» STORED DATA:
++++
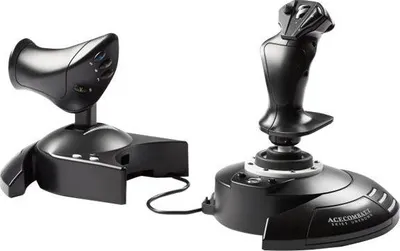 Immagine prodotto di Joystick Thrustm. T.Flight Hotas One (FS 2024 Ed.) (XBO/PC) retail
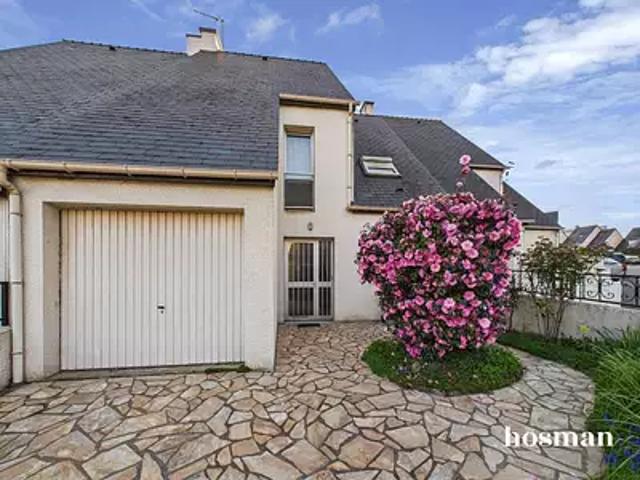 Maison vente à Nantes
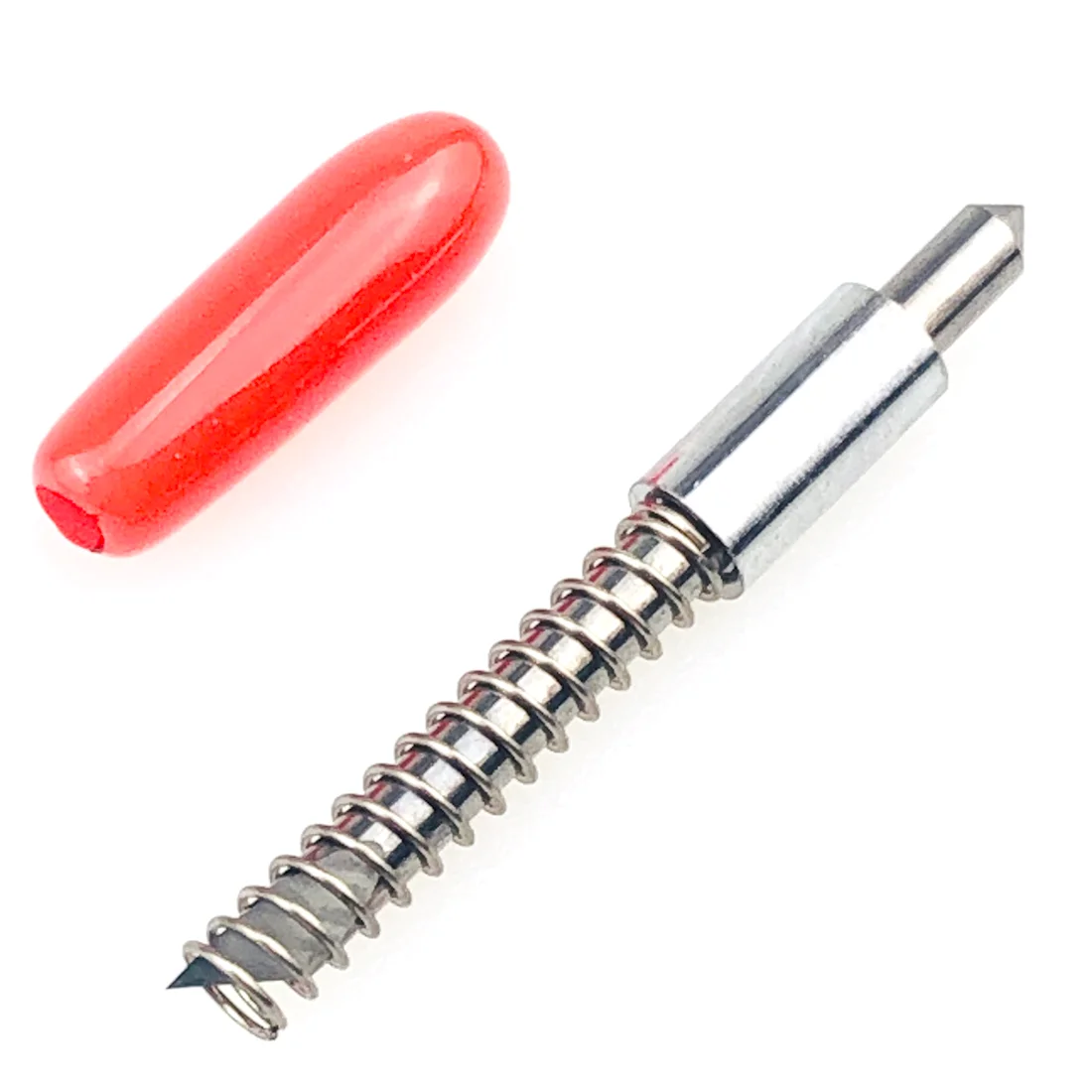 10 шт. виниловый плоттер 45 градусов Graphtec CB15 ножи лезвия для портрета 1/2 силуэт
++++
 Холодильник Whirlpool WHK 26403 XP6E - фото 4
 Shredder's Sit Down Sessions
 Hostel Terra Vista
++++
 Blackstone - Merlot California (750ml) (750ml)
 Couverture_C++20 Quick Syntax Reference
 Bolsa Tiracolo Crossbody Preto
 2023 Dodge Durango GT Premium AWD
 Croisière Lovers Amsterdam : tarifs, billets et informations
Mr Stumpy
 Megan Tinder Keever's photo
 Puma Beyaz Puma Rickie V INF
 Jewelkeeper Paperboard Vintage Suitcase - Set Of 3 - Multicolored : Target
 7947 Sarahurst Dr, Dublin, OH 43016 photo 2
++++
» EXERCISE INSTRUCTIONS: Using the records above, restate word for word the lines from the one with "Jewelkeeper Paperboard Vintage" through the one with "7947 Sarahurst Dr, Dublin, OH 43016 photo 2", both included.

» WRITTEN RESPONSE:
 Jewelkeeper Paperboard Vintage Suitcase - Set Of 3 - Multicolored : Target
 7947 Sarahurst Dr, Dublin, OH 43016 photo 2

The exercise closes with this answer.